There are a lot of differences when comparing man and machine. One is blood and organs, and the other one is mere electricity running through computer chips and wires.
But the latter has somehow proven that it can actually be more human than humans. According to Mozilla's research, its team that was tasked to develop a method to evaluate the quality of text-to-speech voices, found that there are computerized voices that can pass comprehension test with flying colors.
In a blog post that accompanies the publication of a paper co-authored by Janice Tsai and Jofish Kaye from Mozilla:
It was back in 2019 that Mozilla's Voice team developed a method to evaluate the quality of text-to-speech voices.
For quite a long time, researchers focused on improving the quality of text-to-speech, in order to make the product sound better to the human ears. After all, computerized voice should only be products decades ago. In the modern days of computing, mobile and internet, consumers simply want better-sounding computers.
"How can we determine if a voice is enjoyable to listen to, particularly for long-form content — something you’d listen to for more than a minute or two?" asked Mozilla.

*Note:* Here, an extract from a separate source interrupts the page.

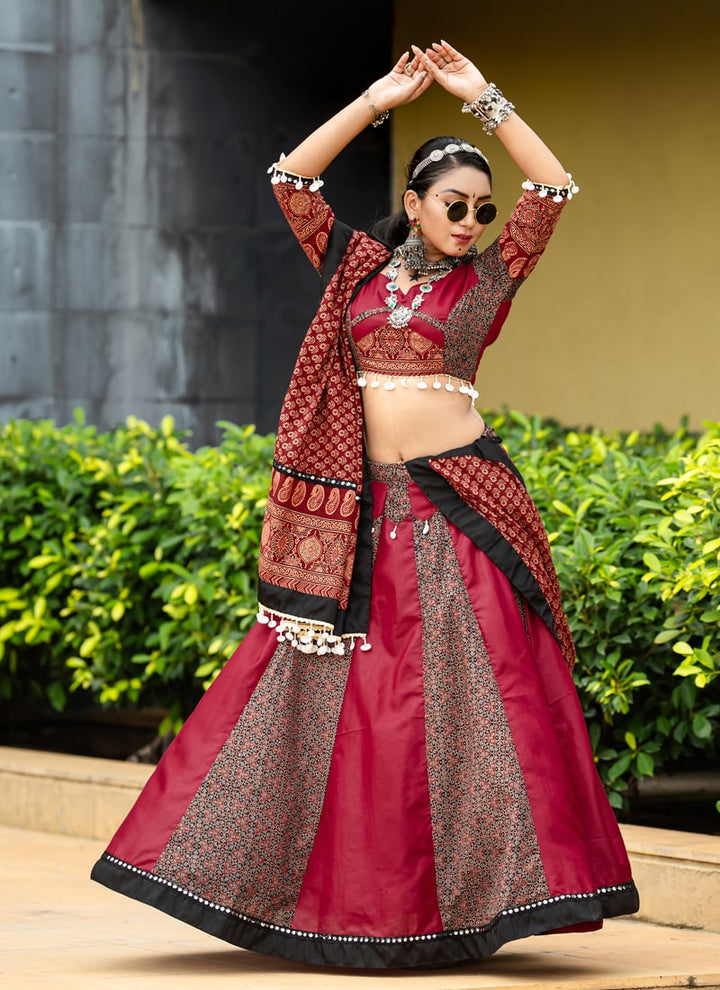 Lassya Fashion Cherry Red Navratri Special Chaniya Choli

Mozilla created an experiment, led by intern Jessica Colnago during her time at Mozilla.
The concept: Mozilla took one article, "How to Reduce Your Stress in Two Minutes a Day", and recorded each voice reading that article.
The team then had 50 people on Mechanical Turk listen to each recording - 50 different people each time. The test included each person to hear the article no more than once. At the end, the team asked them a couple of questions to check whether they were actually listening, and to see what they thought about the voice.

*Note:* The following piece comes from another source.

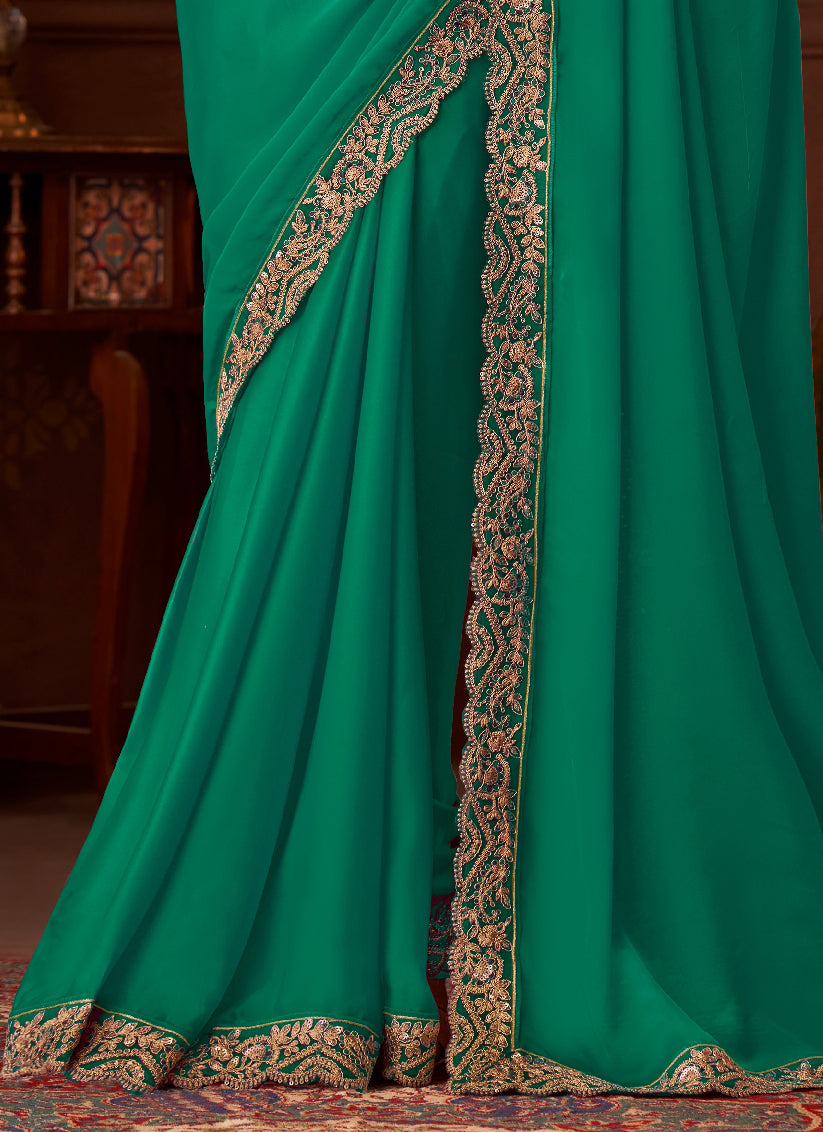 Charismatic Rama Green Embroidered Satin Silk Wedding Saree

Mozilla found that in a scale of one to five, some computer-generated voices actually performed better than humans.
What's more, the team found that there were some generalizable experiences.

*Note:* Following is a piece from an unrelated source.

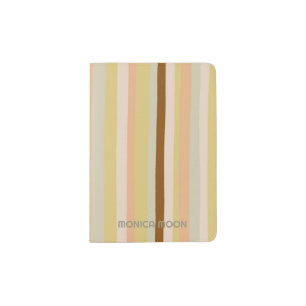 Chic Modern Simple Stripes Earthy CUSTOM Name Passport Holder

For example, listeners were 54% more likely to give a higher experience rating to the male voices Mozilla tested than the female voices. Mozilla also analyzed the number of words spoken in a minute, and found that “just right speed” ranges around 163 to 177 words per minute.
"And while we still have some licensing questions to figure out, making sure we can create sustainable, publicly accessible, high quality voices, it’s exciting to see that we can do something in an open source way that is competitive with very well funded voice efforts out there, which don’t have the same aim of being private, secure and accessible to all," said Mozilla.